[Source records — start]

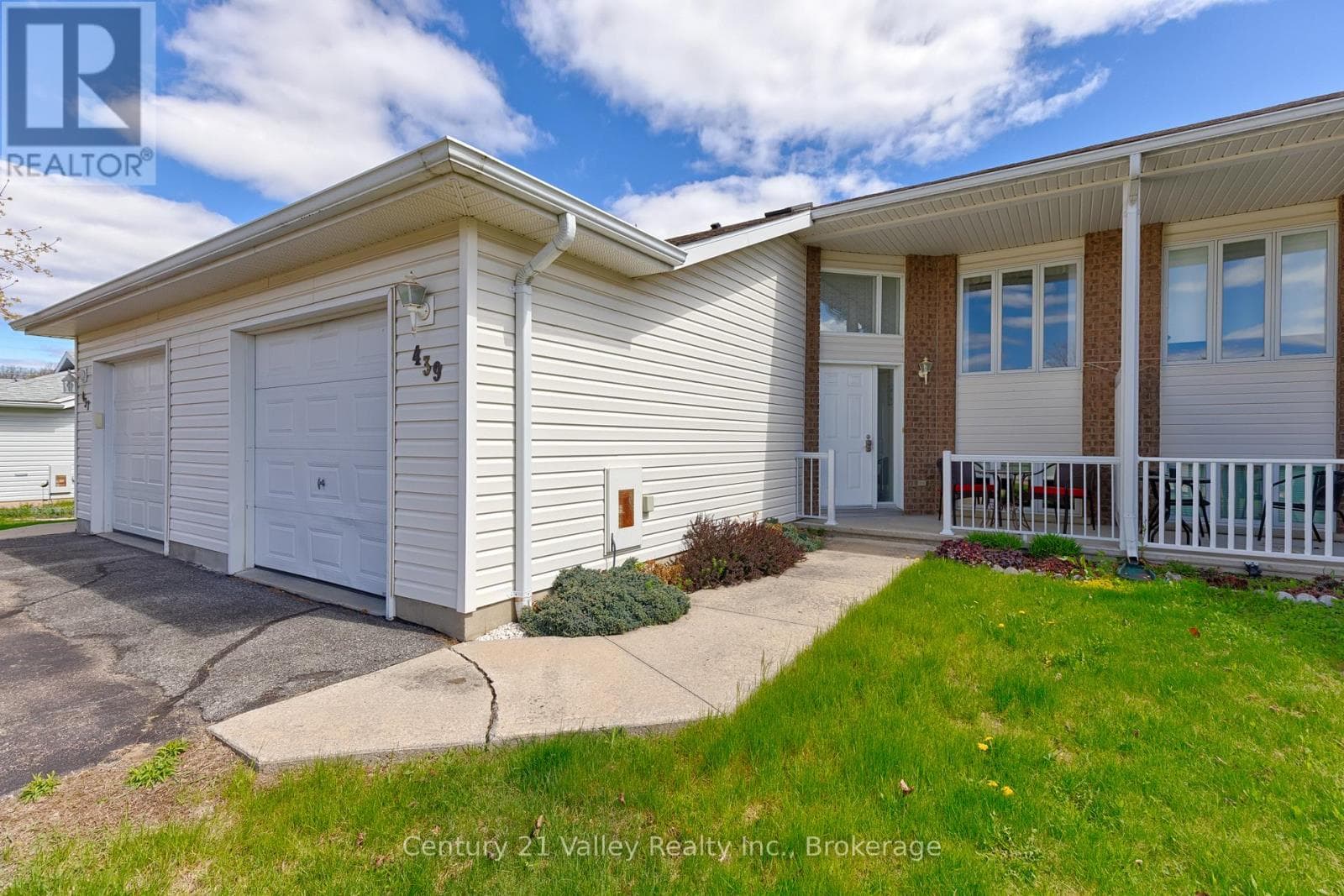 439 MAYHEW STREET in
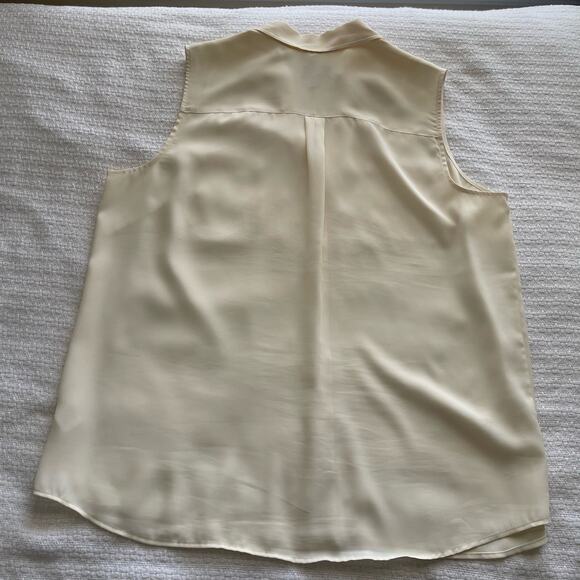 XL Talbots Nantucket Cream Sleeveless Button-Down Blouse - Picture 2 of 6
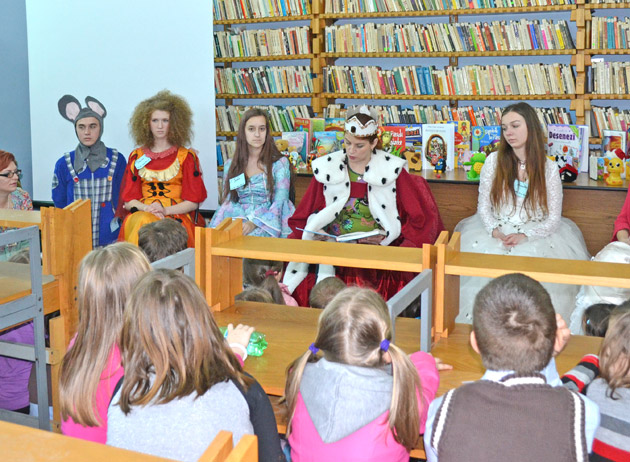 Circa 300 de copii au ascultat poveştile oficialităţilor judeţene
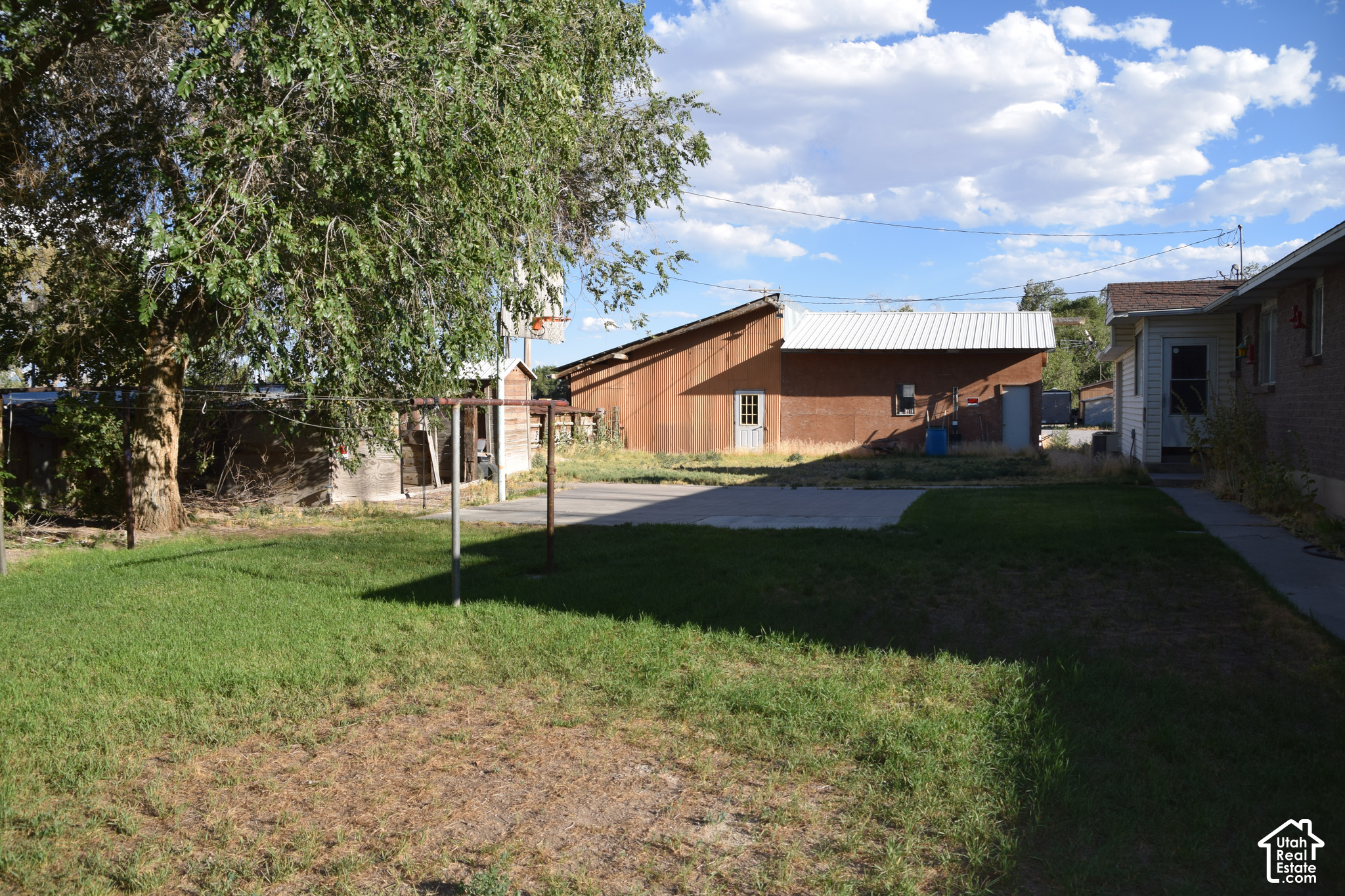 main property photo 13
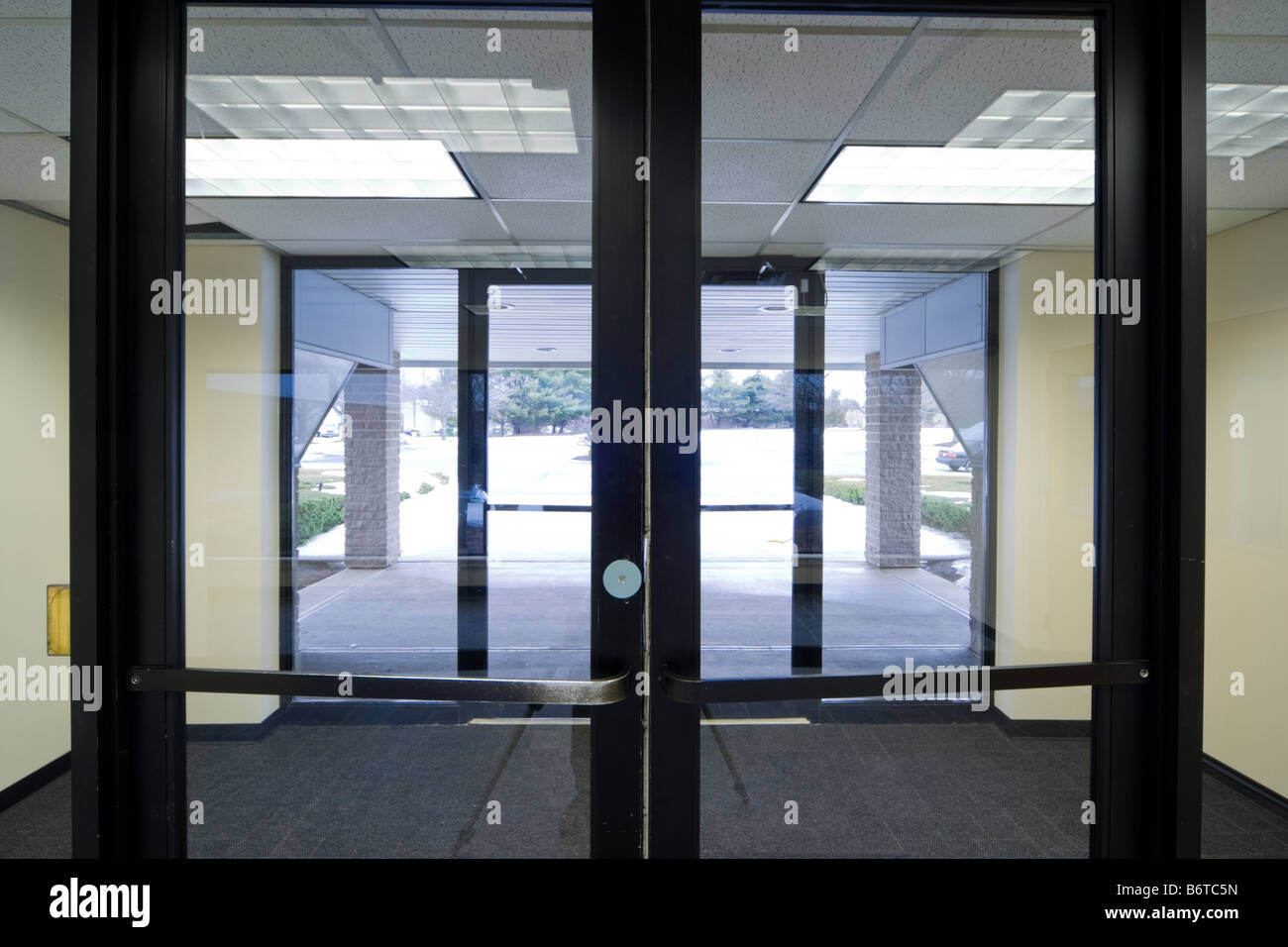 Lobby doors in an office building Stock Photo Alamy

[Source records — finish]

### Aim of the exercise
To answer, repeat exactly the lines from the line containing "Circa 300 de" through the last line of the data above, leaving out all pictures.

### Task answer
 Circa 300 de copii au ascultat poveştile oficialităţilor judeţene
 main property photo 13
 Lobby doors in an office building Stock Photo Alamy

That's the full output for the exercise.